Group finds room in ponds for marine fish

Baraka Group members with their harvest of milkfish in Kwale. PHOTO | LABAN WALLOGA |

What you need to know:

  • Baraka members are keeping the fish in ponds in a trade that is picking speed at the Coast.
  • Seed stock is sourced from deep sea because mature fish starts to lay eggs after five years.

Their big eyes and slender bodies make them stand out as a group of farmers put them in a plastic basket hanging on a weighing scale.

Each of the persons in the group of about 10 men and women were eager to see how many kilos the shoal of fish weighed.

It was harvesting day for the members of Baraka Conservation, Milkfish and Prawn Group in Makongeni, Kwale, who ended up with 640kg of milkfish that day. The group is pioneering the farming of milkfish in the larger Coast region.

Merriam-Webster Dictionary describes milkfish as “a large fork-tailed silvery herbivorous food fish (Chanos chanos) of warm parts of the Pacific and Indian Ocean”.

The 25 members have constructed earthen ponds with aid of Kenya Coastal Development Project (KCDP) — a government initiative — and are breeding juveniles (fish stage after hatching from eggs into larvae) for supply on orders.

Besides the juvenile fish, the group stocks four ponds with 3,600 fingerlings each.

Juma Mwarandani, a coordinator of the group, says the juveniles are captured from the ocean and kept in a floating cage that holds at least 5,000 of them for about a month to become fingerlings, when they are transferred to ponds.

“We started the mariculture project as a group 2013 by keeping milkfish, barracuda, mullet, grouper, red snapper, white snapper, zebra fish and parrot fish. But we found that milkfish and barracuda were adapting to the environment well,” says the 42-year-old.

They sell the fingerlings from Sh10 to Sh15 while mature fish goes for Sh200 a kilo.

“Last year, we sold 64kg, which earned us Sh128,000. This year things are good because our harvest has so far increased significantly.”

HUNT FISH

Getting the juvenile fish is not an easy task. Members of the group hunt for them in open sea twice a year in April, May and June season and October to December.

“We do not breed the juveniles because marine fish starts to lay eggs at five years when they weigh between 3 to 4kg. They need special tanks and skills that we do not have.”

During the months, the fish breeds in the deep sea and the seeds are swept to the shoreline in shallow waters in the mangroves.

“After trapping the juvenile fish (seeds), they are stored in a small pond that acts as a nursery for them to grow to the size of a fingerlings,” explains Mwarandani.

They make their own feeds from omena, cassava flour that acts as a binder and coconut trashes to make pellets that are rich in carbohydrates and protein.

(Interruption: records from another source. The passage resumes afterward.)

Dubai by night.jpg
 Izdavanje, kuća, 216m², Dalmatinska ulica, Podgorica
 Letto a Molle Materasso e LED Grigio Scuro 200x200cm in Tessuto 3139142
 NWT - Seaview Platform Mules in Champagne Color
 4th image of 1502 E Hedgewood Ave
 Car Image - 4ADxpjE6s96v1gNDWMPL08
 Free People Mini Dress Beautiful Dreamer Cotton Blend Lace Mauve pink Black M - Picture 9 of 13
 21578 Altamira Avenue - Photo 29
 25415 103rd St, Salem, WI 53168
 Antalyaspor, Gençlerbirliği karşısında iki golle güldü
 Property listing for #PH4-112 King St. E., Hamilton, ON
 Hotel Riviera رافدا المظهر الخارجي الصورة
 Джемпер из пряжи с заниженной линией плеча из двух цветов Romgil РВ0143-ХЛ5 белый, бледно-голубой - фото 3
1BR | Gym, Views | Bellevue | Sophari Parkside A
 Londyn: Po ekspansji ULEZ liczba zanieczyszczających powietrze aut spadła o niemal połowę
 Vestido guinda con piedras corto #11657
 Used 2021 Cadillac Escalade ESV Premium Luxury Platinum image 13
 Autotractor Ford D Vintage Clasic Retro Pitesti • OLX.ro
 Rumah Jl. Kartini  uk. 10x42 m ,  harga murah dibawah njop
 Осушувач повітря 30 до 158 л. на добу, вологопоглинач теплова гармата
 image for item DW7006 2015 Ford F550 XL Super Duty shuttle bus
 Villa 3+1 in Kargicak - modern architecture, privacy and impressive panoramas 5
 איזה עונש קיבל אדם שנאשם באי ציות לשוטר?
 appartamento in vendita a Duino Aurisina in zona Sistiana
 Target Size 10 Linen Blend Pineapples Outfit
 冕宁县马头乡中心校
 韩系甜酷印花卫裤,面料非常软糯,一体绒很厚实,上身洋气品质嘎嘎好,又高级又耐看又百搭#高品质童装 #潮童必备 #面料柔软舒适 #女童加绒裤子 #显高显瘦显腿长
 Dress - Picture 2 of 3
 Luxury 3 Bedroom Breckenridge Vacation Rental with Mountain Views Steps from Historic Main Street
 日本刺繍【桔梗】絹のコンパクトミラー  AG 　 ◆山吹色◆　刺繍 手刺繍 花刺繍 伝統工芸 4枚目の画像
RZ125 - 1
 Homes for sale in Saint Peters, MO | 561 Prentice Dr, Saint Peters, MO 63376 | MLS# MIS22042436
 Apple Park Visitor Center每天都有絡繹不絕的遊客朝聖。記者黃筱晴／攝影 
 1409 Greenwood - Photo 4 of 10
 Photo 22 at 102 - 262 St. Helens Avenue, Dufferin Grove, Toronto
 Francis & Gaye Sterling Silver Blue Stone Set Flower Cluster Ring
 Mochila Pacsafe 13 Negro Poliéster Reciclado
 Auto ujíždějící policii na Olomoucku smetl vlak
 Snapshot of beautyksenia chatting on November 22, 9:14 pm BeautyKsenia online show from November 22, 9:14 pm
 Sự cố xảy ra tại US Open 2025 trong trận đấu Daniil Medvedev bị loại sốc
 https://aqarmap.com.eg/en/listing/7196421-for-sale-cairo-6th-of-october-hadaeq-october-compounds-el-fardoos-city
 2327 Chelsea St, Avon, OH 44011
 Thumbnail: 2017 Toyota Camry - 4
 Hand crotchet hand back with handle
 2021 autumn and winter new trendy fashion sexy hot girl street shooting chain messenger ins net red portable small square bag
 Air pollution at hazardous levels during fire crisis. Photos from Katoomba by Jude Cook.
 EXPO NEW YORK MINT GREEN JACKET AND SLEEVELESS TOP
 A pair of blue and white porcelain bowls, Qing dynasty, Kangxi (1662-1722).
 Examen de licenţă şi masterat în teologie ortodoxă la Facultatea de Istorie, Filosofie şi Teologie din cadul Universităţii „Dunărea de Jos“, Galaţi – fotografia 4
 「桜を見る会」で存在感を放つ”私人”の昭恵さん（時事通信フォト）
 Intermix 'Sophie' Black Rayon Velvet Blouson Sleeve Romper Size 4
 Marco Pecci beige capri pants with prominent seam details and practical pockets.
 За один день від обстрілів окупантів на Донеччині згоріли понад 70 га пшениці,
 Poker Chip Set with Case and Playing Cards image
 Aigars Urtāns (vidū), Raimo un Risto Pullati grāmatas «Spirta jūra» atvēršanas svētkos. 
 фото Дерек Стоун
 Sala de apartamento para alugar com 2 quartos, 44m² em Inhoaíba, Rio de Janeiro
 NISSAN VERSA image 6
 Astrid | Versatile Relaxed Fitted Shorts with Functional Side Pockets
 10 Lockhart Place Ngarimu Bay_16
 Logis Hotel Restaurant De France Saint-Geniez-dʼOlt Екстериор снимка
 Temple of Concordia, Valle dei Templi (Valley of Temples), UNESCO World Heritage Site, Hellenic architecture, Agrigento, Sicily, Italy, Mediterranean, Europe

Kenya Marine Research Institute Aquaculture Research officer David Mirera says KCDP is working with farmers to develop hatcheries to boost mariculture so that residents can stop going to fish in the ocean.

Dr Mirera says the higher the protein content in the feeds given to the fish, the faster their growth in the pond, thus, saving on the costs of production.

“Feeding is done depending on the weight of the fish. A 100g fish requires feeds 3 per cent of its body weight for it to grow fast to between 250 to 350g in seven months,” he says.